(Data supplied begins)
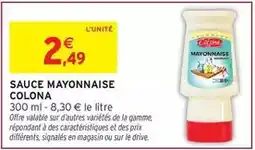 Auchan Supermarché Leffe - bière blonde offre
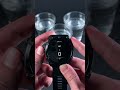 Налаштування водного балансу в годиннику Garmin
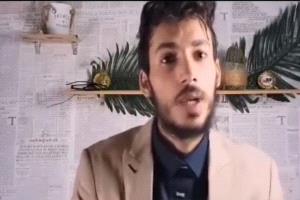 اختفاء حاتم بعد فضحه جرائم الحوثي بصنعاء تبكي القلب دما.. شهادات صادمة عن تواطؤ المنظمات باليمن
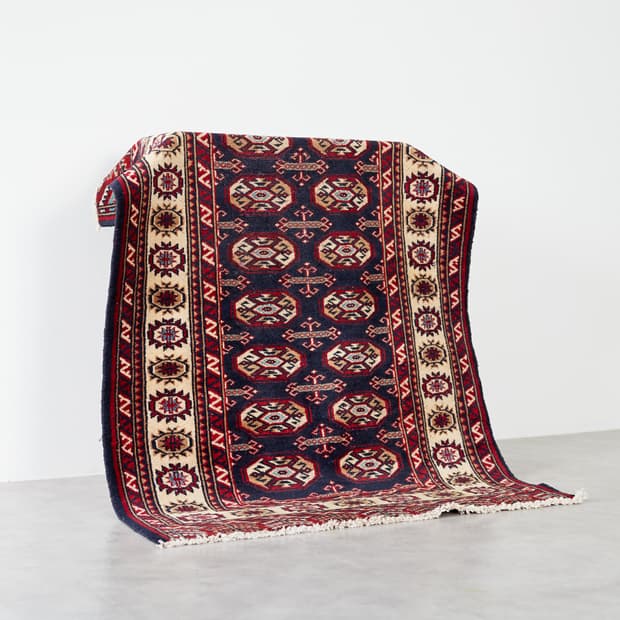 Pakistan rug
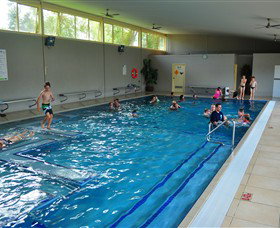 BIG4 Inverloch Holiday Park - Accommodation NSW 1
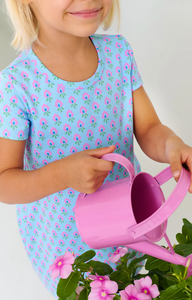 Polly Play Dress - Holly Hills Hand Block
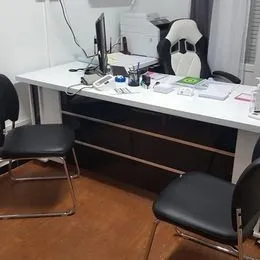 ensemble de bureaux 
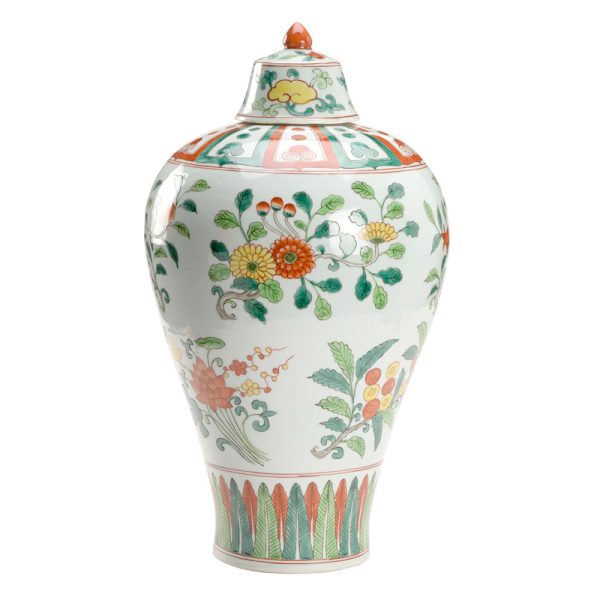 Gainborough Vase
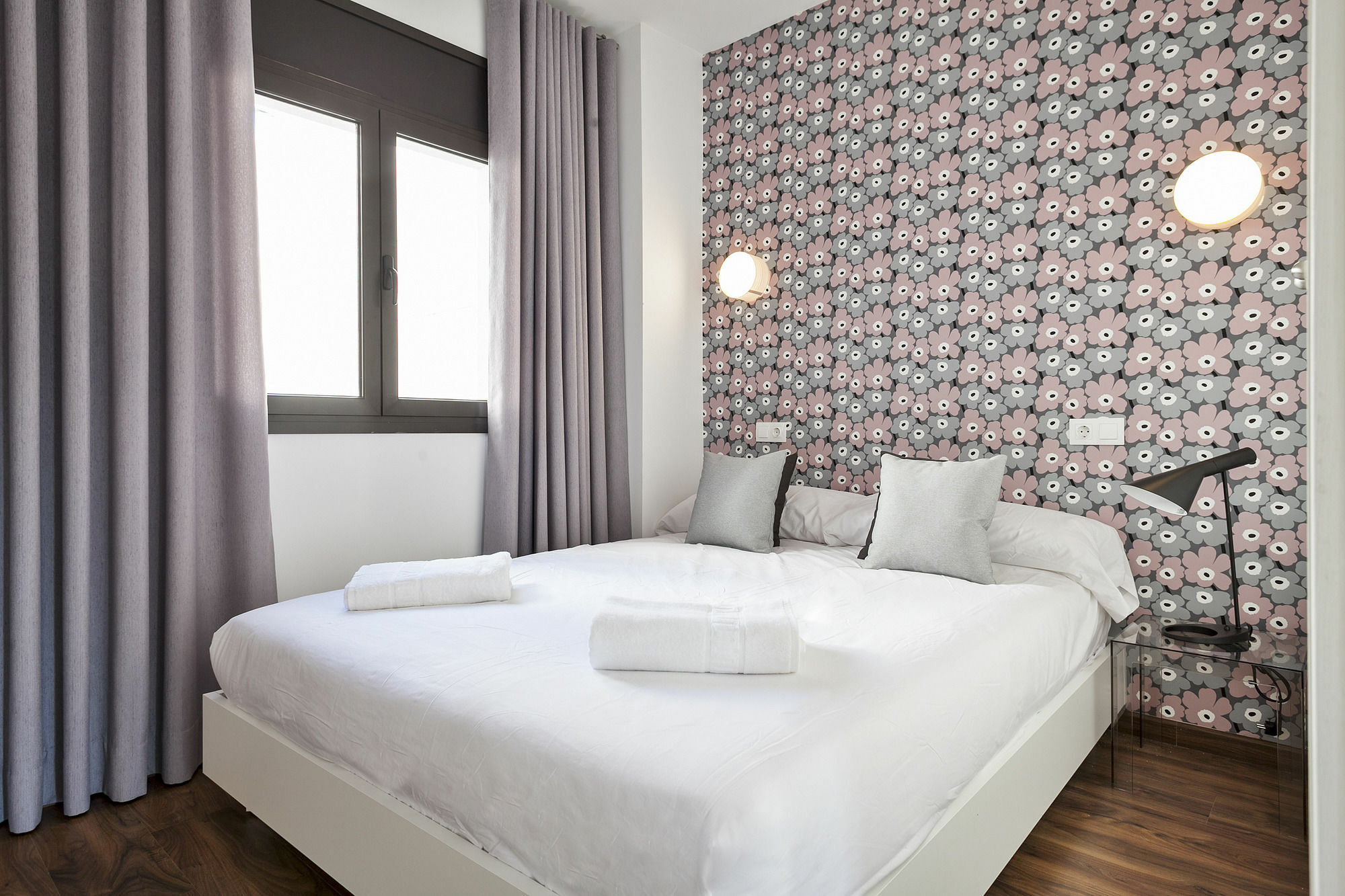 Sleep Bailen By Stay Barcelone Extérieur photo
(Data supplied ends)
> _Work task_
Each of the lines above should be transcribed exactly; no image is to be copied.

> _Output for this task_
 Auchan Supermarché Leffe - bière blonde offre
 Налаштування водного балансу в годиннику Garmin
 اختفاء حاتم بعد فضحه جرائم الحوثي بصنعاء تبكي القلب دما.. شهادات صادمة عن تواطؤ المنظمات باليمن
 Pakistan rug
 BIG4 Inverloch Holiday Park - Accommodation NSW 1
 Polly Play Dress - Holly Hills Hand Block
 ensemble de bureaux 
 Gainborough Vase
 Sleep Bailen By Stay Barcelone Extérieur photo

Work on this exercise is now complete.